Once Upon A Time, I Thought I Saw The Moon Smile
In the house I grew up in my brothers' bedroom window faced the direction of the rising moon. I don't recall what brought me into their room that night. It was a winter night. The aroma of cooking food filled the house. The television droned words I did not understand and did not care to understand. I was little then. Mostly, I was lost in the crowd - there were seven of us kids at home back then - and I think I just blended in and went largely unnoticed most of the time. This winter night must have been one of those nights when I was simply part of the furniture, for my siblings' attention was on the black and white image on the television. It might have been, "The Honeymooners" or the "Evening News With Walter Cronkite." I can't remember. My mother was in the kitchen. She hated cooking and did it only because it was necessary (that I remember well). We were not allowed in the kitchen when she was cooking.

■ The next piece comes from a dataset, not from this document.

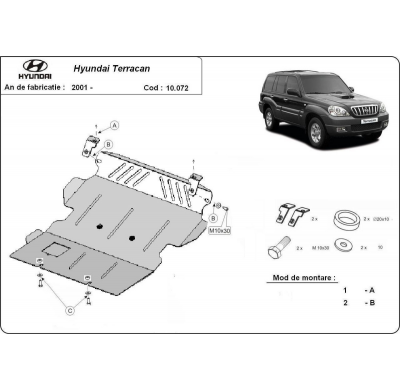 Cubre carter de Acero para Hyundai Terracan Año: 2001 - 2007 Grosor: "3"mm Todas las motorizaciones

Maybe it was boredom, or maybe I had to go pee - the reason escapes me - but I left my siblings to the cathode babysitter and found myself in my brothers' room. The light was off, yet I could see the two sets of bunk beds against the opposite walls, could see Tim's guitar leaning against the corner by one of the bunk beds. Their room was always neat and tidy; our mother wouldn't have it any other way or there was hell to pay. The boys' room always smelled like Dixie Peach and Old Spice, cigarette smoke, and faint gasoline fumes. The Dixie Peach belonged to Tim (he was in his Elvis phase). The Old Spice, cigarette smoke and faint gasoline fumes were courtesy of Mike who was working at a gas station. The two youngest boys, Tom and Patrick were too young to have aroma-producing products of their own, but their toys were on their beds: a black and white police car at the edge of Tom's top bunk, and a discarded plastic stethoscope on Patrick's lower bunk. Before he became an artist, Patrick wanted to be a doctor.
Children have dreams for the future. I had plenty of aspirations, and I spent a lot of time daydreaming about my future when I would be a famous actress. I have a theory about children who spend a lot of time daydreaming. I think those children are actually more sensitive to the minutest nuances of their environments than other children. I base this on my own experiences. I have always been able to walk into an empty room and feel the left-over mood energy of the previous occupant. If there had been conflict, I felt it. If there had been sadness, laughter, serenity, I felt it. My brothers' room felt strangely calm this night.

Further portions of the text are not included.